We can see that it is a constellation because it contains more than one fact table.

Query functions

A query is defined on a star_database object and the result of executing it is another star_database object.

This section presents the functions available to define queries.

star_query()

From a star_database object, an empty star_query object is created where we can select fact measures, dimension attributes and filter dimension rows.

Example:

sq <- mrs_db |>
  star_query()

At least one fact table with one dimension must be included in each query.

select_fact()

To define the fact table to be consulted, its name is indicated, optionally, a vector of names of selected measures and another of aggregation functions are also indicated. If the name of any of the measures is not indicated, the measure corresponding to the number of rows added will be included, which is always included. If no aggregation function is included, those defined for the measures are considered.

Examples:

sq_1 <- sq |>
  select_fact(
    name = "mrs_age",
    measures = "all_deaths",
    agg_functions = "MAX"
  )

The measure is considered with the indicated aggregation function. In addition, the measure corresponding to the number of grouped records that make up the result is automatically included.

sq_2 <- sq |>
  select_fact(name = "mrs_age",
              measures = "all_deaths")

The measure is considered with the aggregation function defined in the multidimensional scheme.

sq_3 <- sq |>
  select_fact(name = "mrs_age")

Only the measure corresponding to the number of grouped records is included.

sq_4 <- sq |>
  select_fact(name = "mrs_age",
              measures = "all_deaths") |>
  select_fact(name = "mrs_cause")

In a query we can select several fact tables, at least we have to select one.

select_dimension()

To include a dimension in a star_query object, we have to define its name and a subset of the dimension attributes. If only the name of the dimension is indicated, it is considered that all its attributes should be added.

Example:

sq_1 <- sq |>
  select_dimension(name = "where",
                   attributes = c("city", "state"))

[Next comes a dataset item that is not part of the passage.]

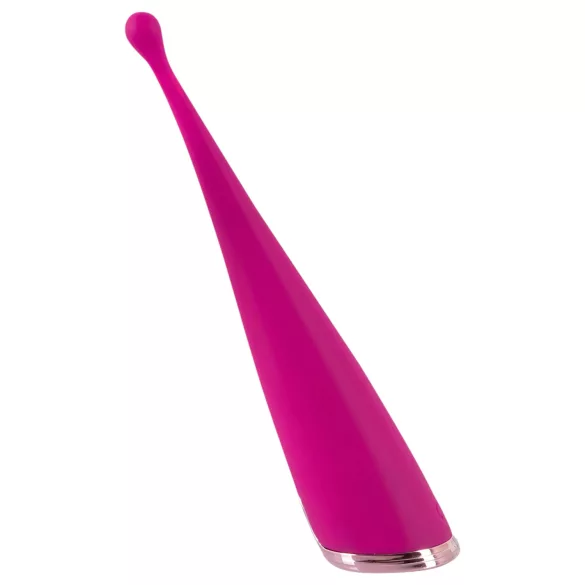 Couples Choice - pāra klitora vibrators uzlādējams rozā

Only the indicated attributes of the dimension will be included.

sq_2 <- sq |>
  select_dimension(name = "where")

All attributes of the dimension will be included.

filter_dimension()

Allows us to define selection conditions for dimension rows. Conditions can be defined on any attribute of the dimension, not only on attributes selected in the query for the dimension. They can also be defined on unselected dimensions. Filtering is done using the function dplyr::filter(). Conditions are defined in exactly the same way as in that function.

Example:

sq <- sq |>
  filter_dimension(name = "when", week <= " 3") |>
  filter_dimension(name = "where", city == "Bridgeport")

run_query()

Once we have selected the facts, dimensions and defined the conditions on the instances of dimensions, we can execute the query to obtain the result.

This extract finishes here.